**Dataset**
------------------------------------------------------------
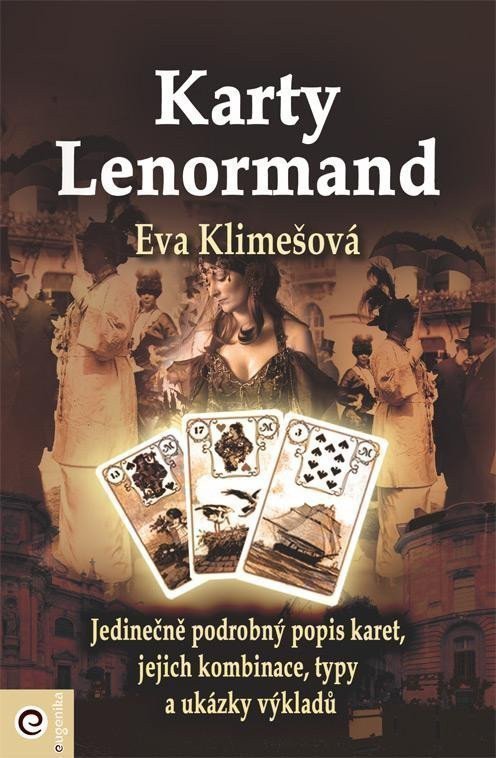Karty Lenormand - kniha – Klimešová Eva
------------------------------------------------------------
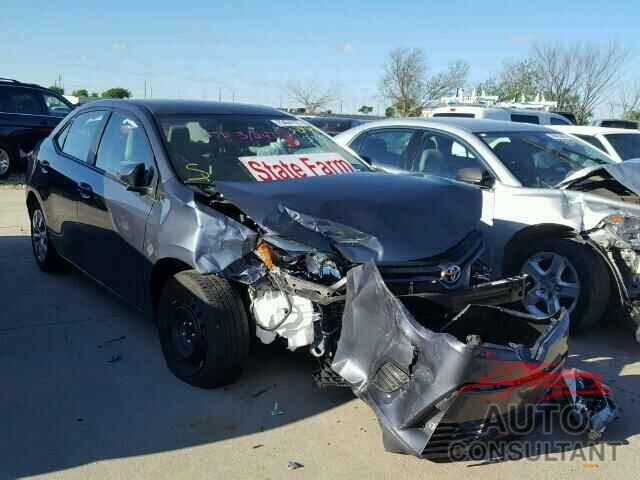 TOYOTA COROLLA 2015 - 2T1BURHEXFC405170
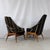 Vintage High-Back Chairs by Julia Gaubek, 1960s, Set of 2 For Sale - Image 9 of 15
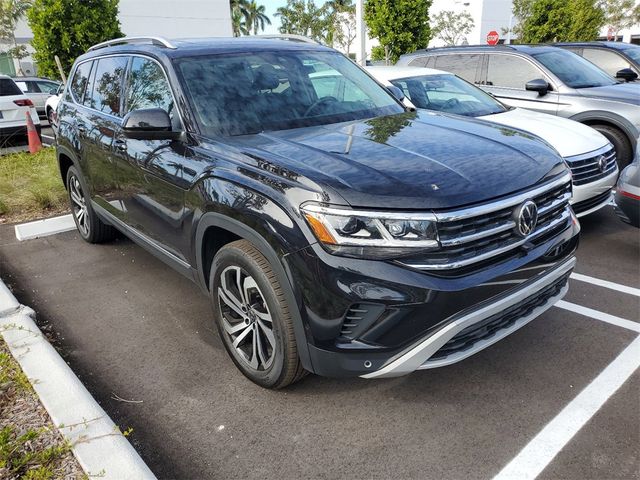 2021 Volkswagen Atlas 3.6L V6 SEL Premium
------------------------------------------------------------
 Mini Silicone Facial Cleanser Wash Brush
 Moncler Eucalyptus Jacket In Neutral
------------------------------------------------------------
The response must hold only the lines above from the line with "Mini Silicone Facial Cleanser Wash Brush" through the line with "Moncler Eucalyptus Jacket In Neutral", each copied exactly, both ends kept.

 Mini Silicone Facial Cleanser Wash Brush
 Moncler Eucalyptus Jacket In Neutral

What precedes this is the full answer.